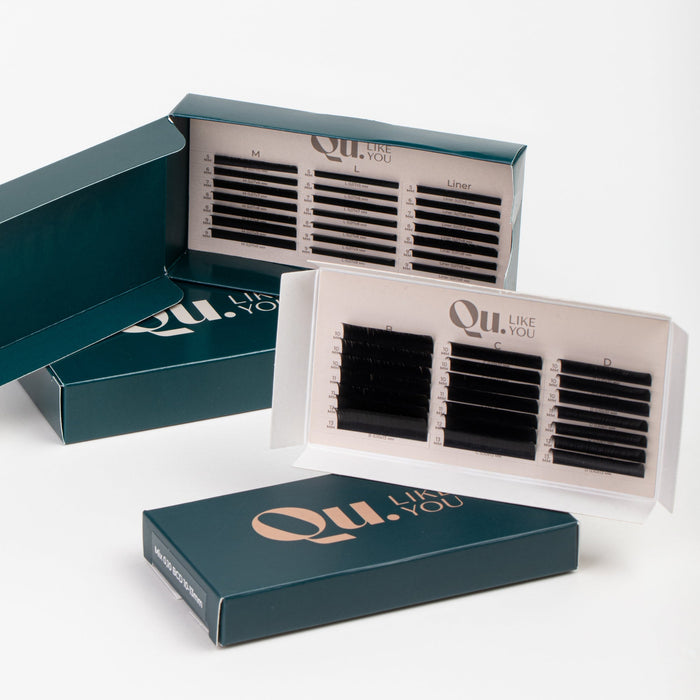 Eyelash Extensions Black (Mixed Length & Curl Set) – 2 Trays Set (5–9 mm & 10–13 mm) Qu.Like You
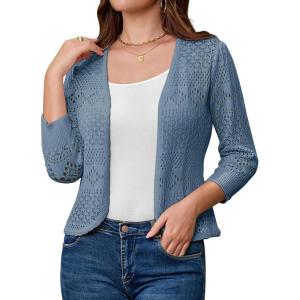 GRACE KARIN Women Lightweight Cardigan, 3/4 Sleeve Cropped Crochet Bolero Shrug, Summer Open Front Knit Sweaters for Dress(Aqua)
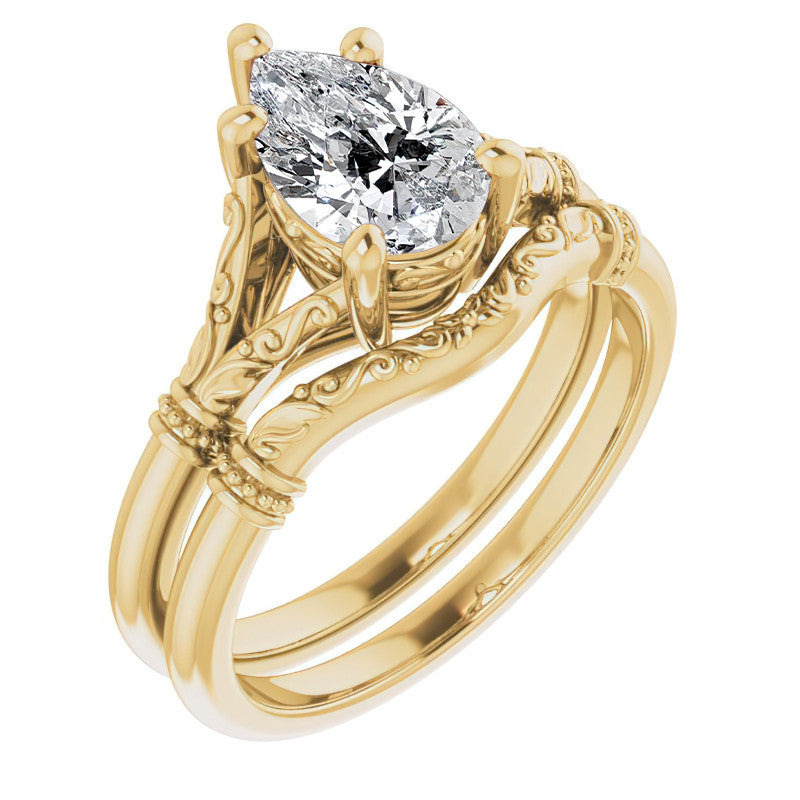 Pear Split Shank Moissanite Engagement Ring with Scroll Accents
########
_WHAT IS NEEDED:_ Write out the material above once more, word for word. Images stay out.

_SOLUTION FOR THIS TASK:_
 Eyelash Extensions Black (Mixed Length & Curl Set) – 2 Trays Set (5–9 mm & 10–13 mm) Qu.Like You
 GRACE KARIN Women Lightweight Cardigan, 3/4 Sleeve Cropped Crochet Bolero Shrug, Summer Open Front Knit Sweaters for Dress(Aqua)
 Pear Split Shank Moissanite Engagement Ring with Scroll Accents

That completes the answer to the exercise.